» **The task**:
Retype the data exactly, from its first line to the line containing "Рюкзак для ноутбука", including both, and skip any picture.

········

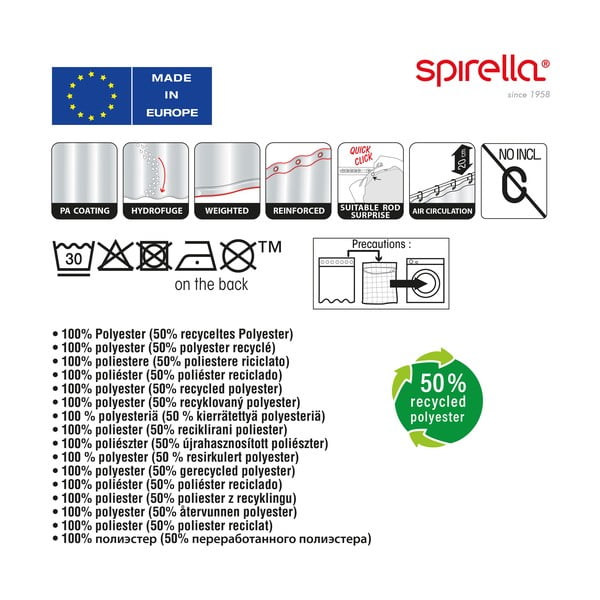 Zasłona prysznicowa 180x200 cm Teiva – Spirella-image-3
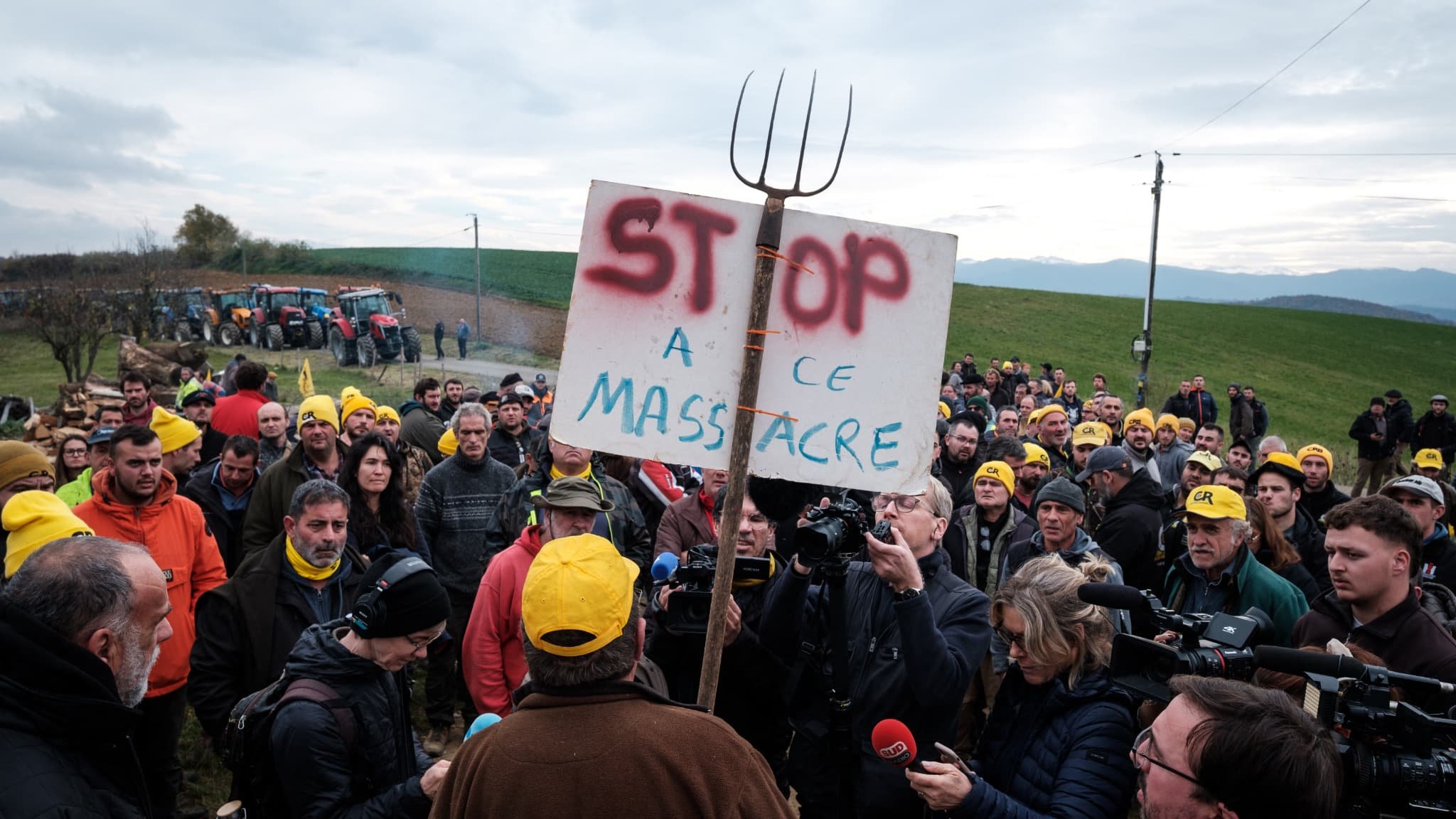 « La seule solution qui fonctionne »: malgré l’opposition de centaines d’éleveurs, l’abattage de l’élevage touché en Ariège est programmé jeudi matin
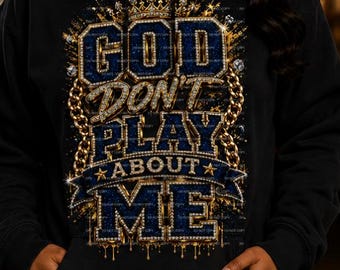 God Don't Play About Me Halftone PNG, Christelijk T-shirtontwerp (digitale download)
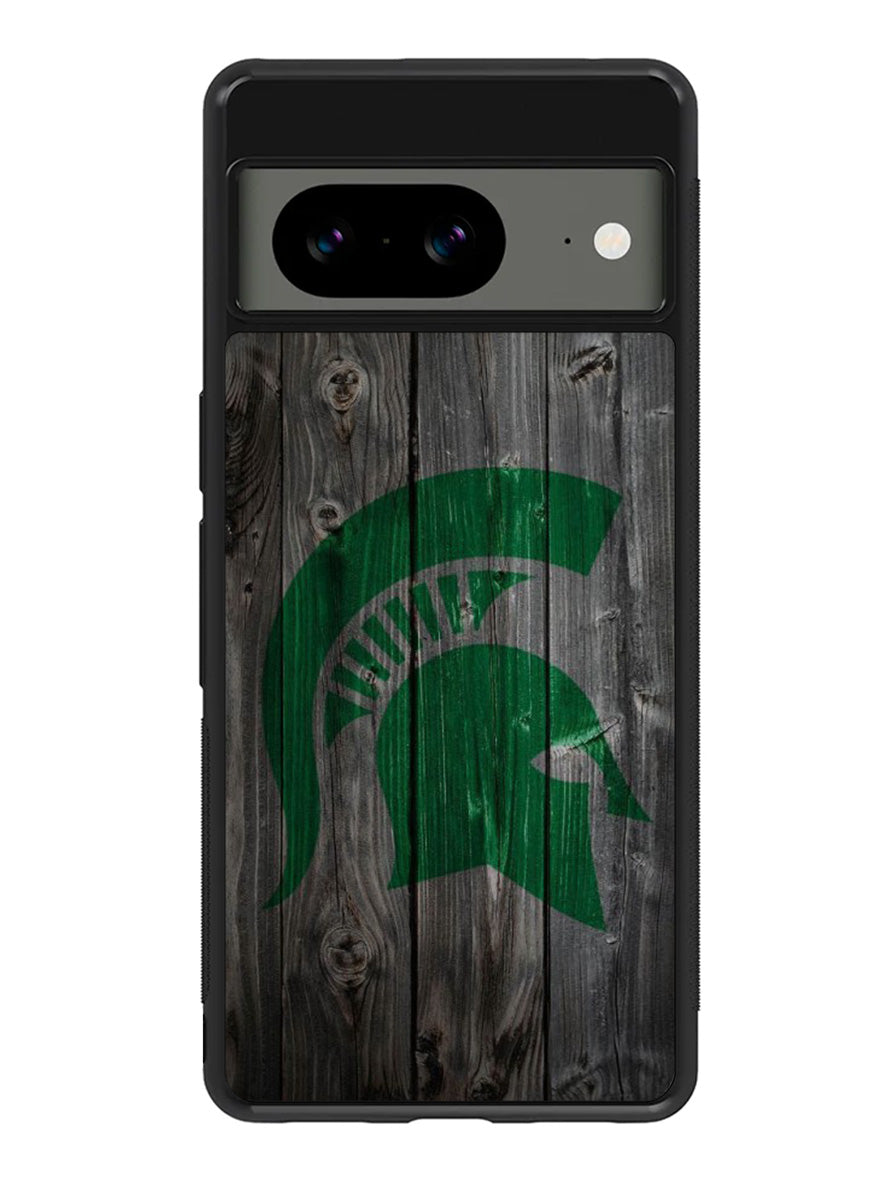 michigan state logo Google Pixel 8a Case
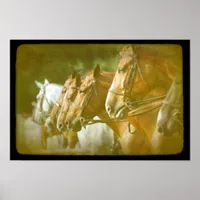 Horse Show Lineup Poster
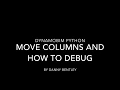 DynamoBIM Python Beginner s Guide to Moving a column element and debugging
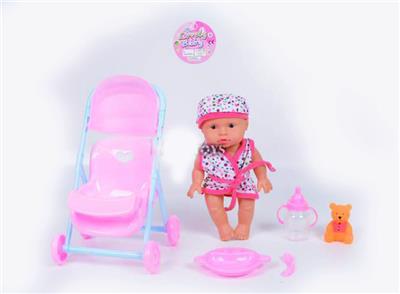 10 inch hollow doll cart set - OBL820402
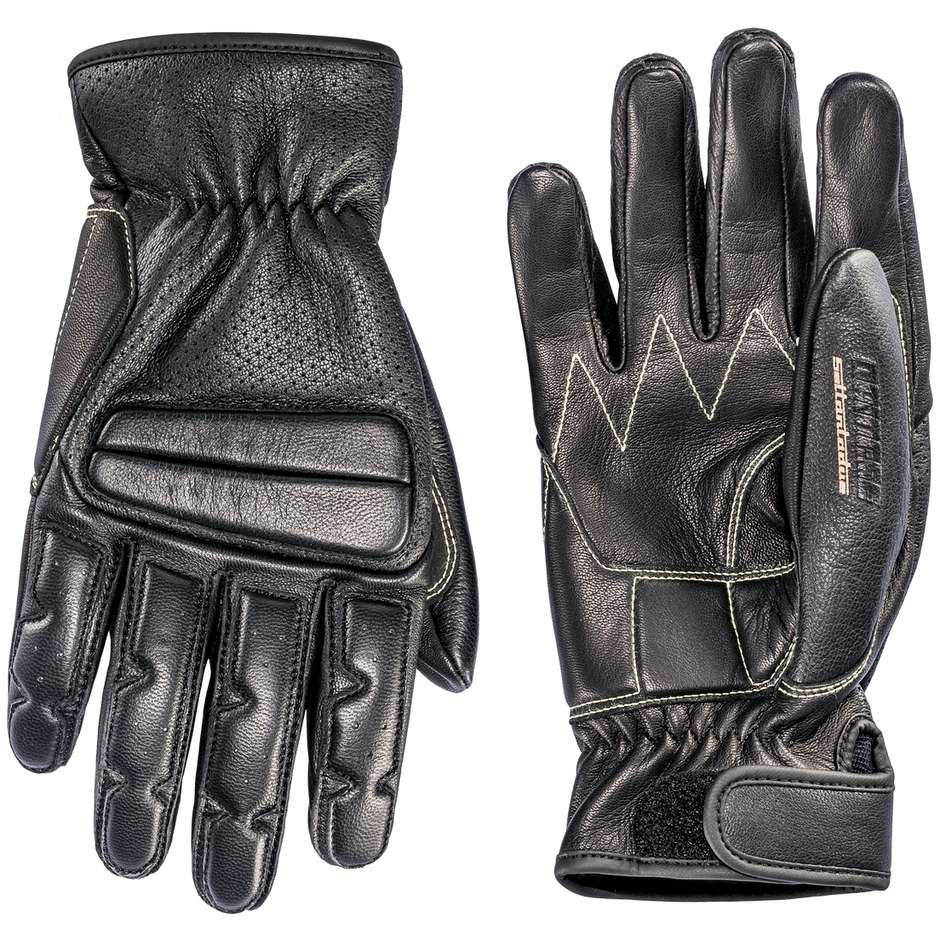 Dainese SABHA Black Leather and Fabric Motorcycle Gloves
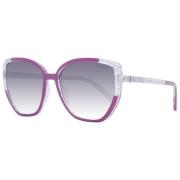 Paarse Cat Eye Zonnebril Guess , Purple , Dames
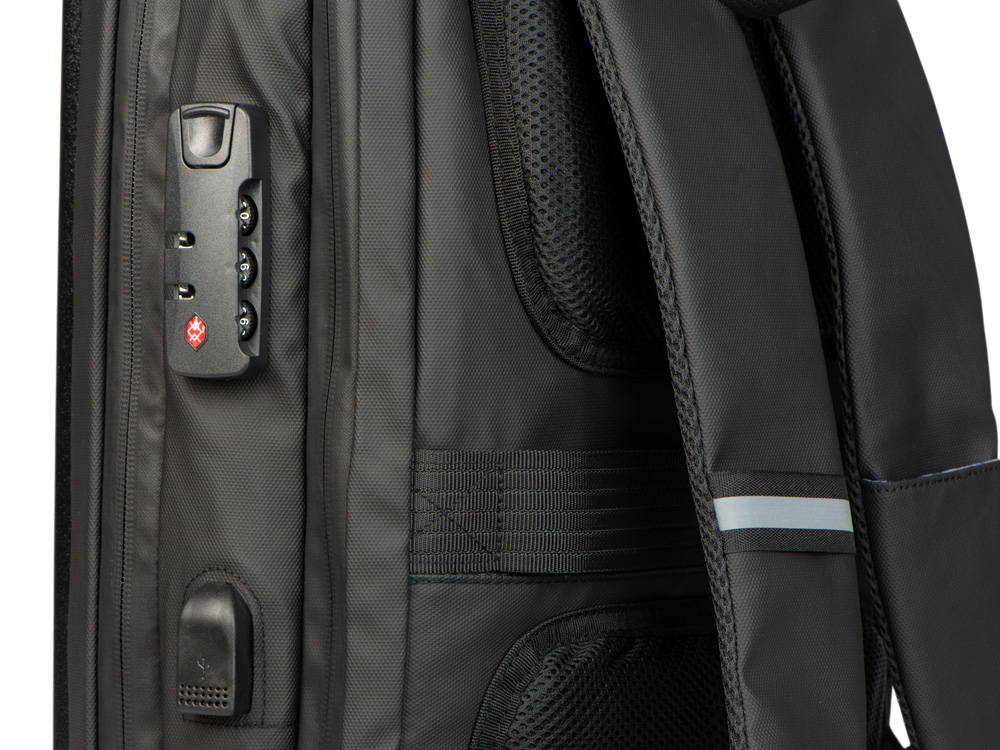 Рюкзак для ноутбука Sheller с пластиковой поверхностью-5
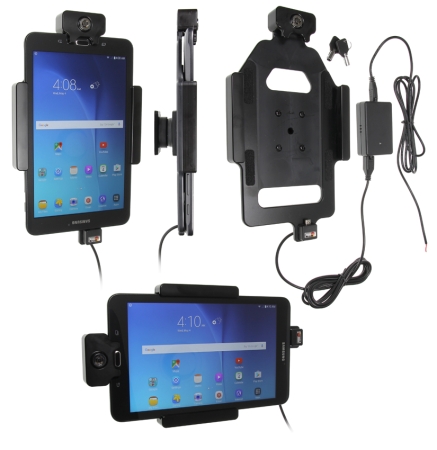Brodit Kiinnike avaimenlukolla, Samsung Galaxy Tab E 8.0  ryhmässä Autohifi / Älypuhelin autossa / Älypuhelimen pidikkeet @ BRL (240536835)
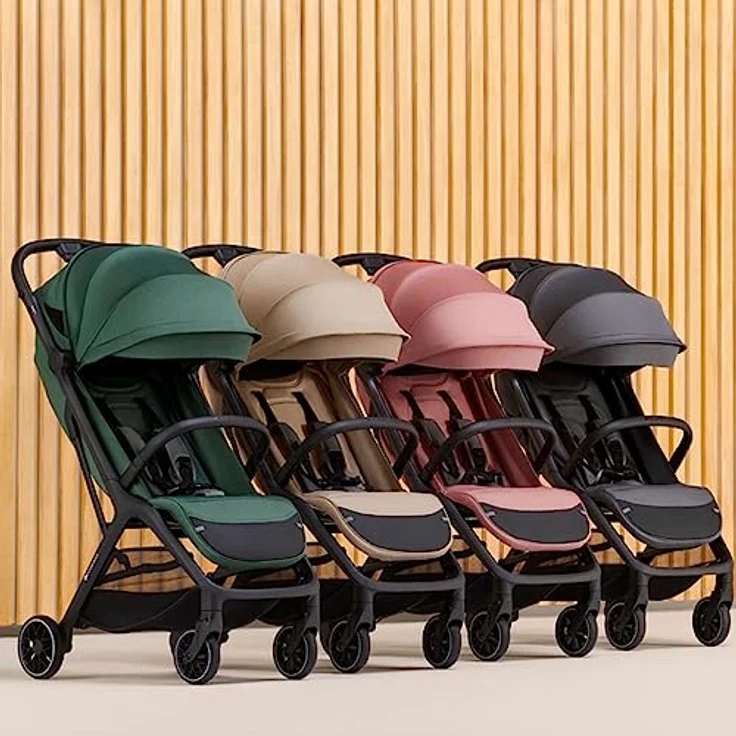 Kinderkraft Kinderwagen Sportwagen Buggy NUBI 2 Cloudy Grey – Bild 7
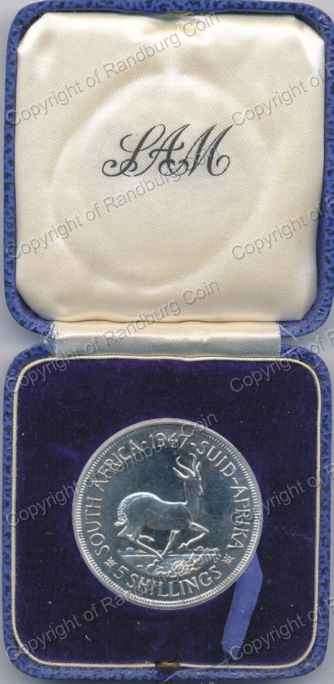 *#* 1947 South African PROOF CROWN - Judge grade yourself *#*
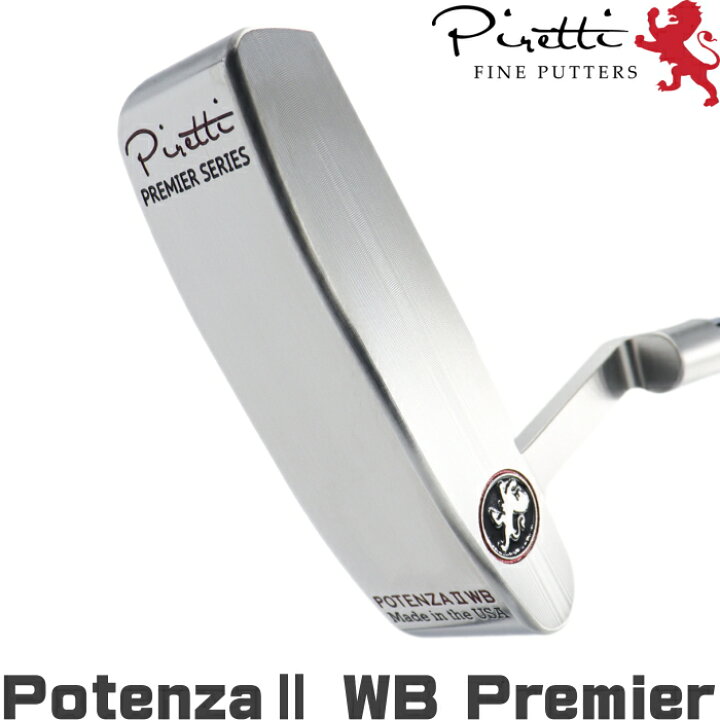 楽天市場】Piretti ピレッティ ポテンザ2 WB プレミアシリーズ パター 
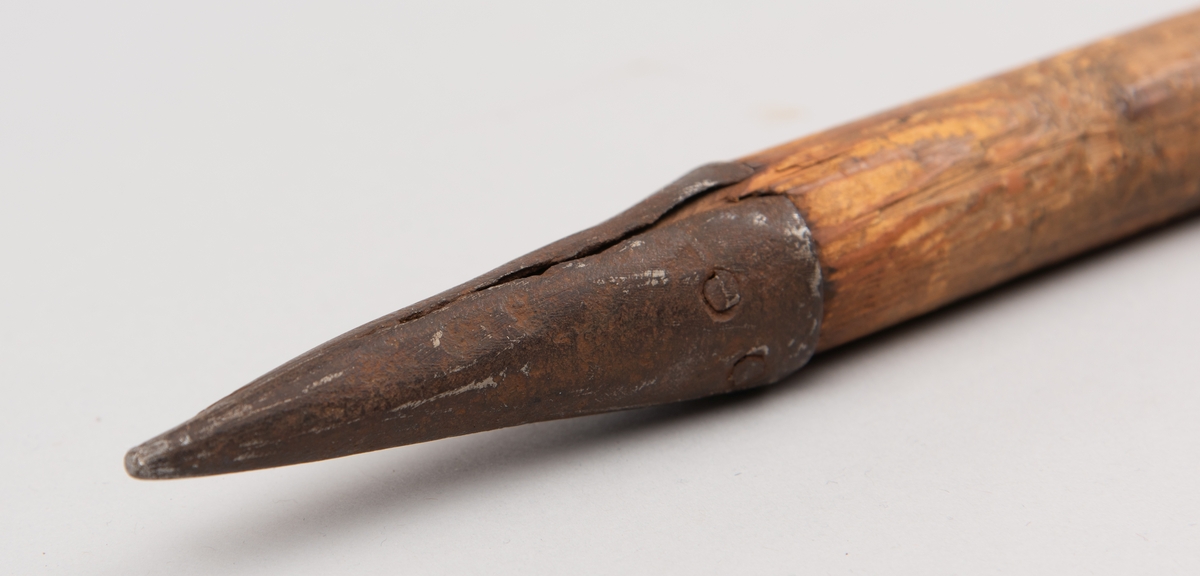 Halvpike med rombisk spiss benyttet av fotsoldater på 1600-1700-tallet.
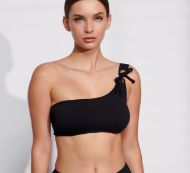 Εικόνα της Bilitis μαύρο μαγίο μπουστάκι ένας ώμος με τρουκς.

········

» **Exercise solution**:
 Zasłona prysznicowa 180x200 cm Teiva – Spirella-image-3
 « La seule solution qui fonctionne »: malgré l’opposition de centaines d’éleveurs, l’abattage de l’élevage touché en Ariège est programmé jeudi matin
 God Don't Play About Me Halftone PNG, Christelijk T-shirtontwerp (digitale download)
 michigan state logo Google Pixel 8a Case
 Horse Show Lineup Poster
 DynamoBIM Python Beginner s Guide to Moving a column element and debugging
 10 inch hollow doll cart set - OBL820402
 Dainese SABHA Black Leather and Fabric Motorcycle Gloves
 Paarse Cat Eye Zonnebril Guess , Purple , Dames
 Рюкзак для ноутбука Sheller с пластиковой поверхностью-5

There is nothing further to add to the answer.